The Order for Meritorious Service is a South African National Order that consisted of two classes, in gold and silver, and was awarded to deserving South African citizens. The order was discontinued on 2 December 2002.

==Institution==
The Order for Meritorious Service was instituted by the Republic of South Africa in 1986, by Warrant published in Government Gazette no. 10493 dated 24 October 1986. It superseded the earlier Decoration for Meritorious Services. The order could be awarded in two classes:
- The Order for Meritorious Service, Class I, Gold, post-nominal letters OMSG, for exceptional merit.
- The Order for Meritorious Service, Class II, Silver, post-nominal letters OMSS, for outstanding merit.

==Award criteria==
The Order was awarded by the State President and, from 1994, the President, to South Africans who had rendered exceptional public service.
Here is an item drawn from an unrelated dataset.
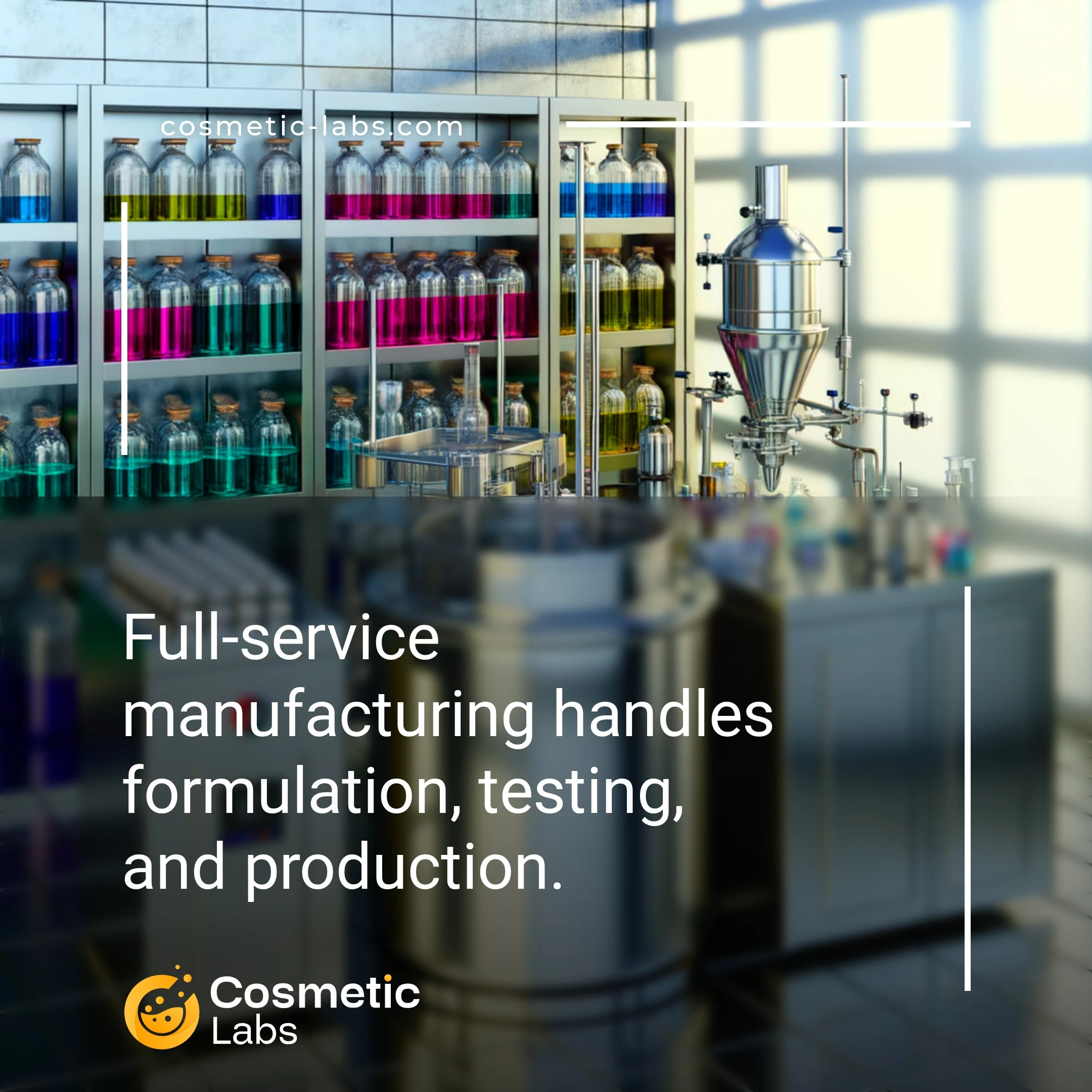 Illustration of Full-service manufacturing services. Full-service manufacturing handles formulation, testing, and production.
Recipients included cabinet ministers, judges, captains of commerce and industry, church leaders, academics, sports stars and prominent figures in the arts and sciences.

==Order of wear==
The positions of the two classes of the Order for Meritorious Service in the official order of precedence were revised three times after 1986 to accommodate the inclusion or institution of new decorations and medals, first with the integration process of 1994, again when decorations and medals were belatedly instituted in April 1996 for the two former non-statutory para-military forces, the Azanian People's Liberation Army and Umkhonto we Sizwe, and again with the institution of new sets of awards in 2002 and 2003.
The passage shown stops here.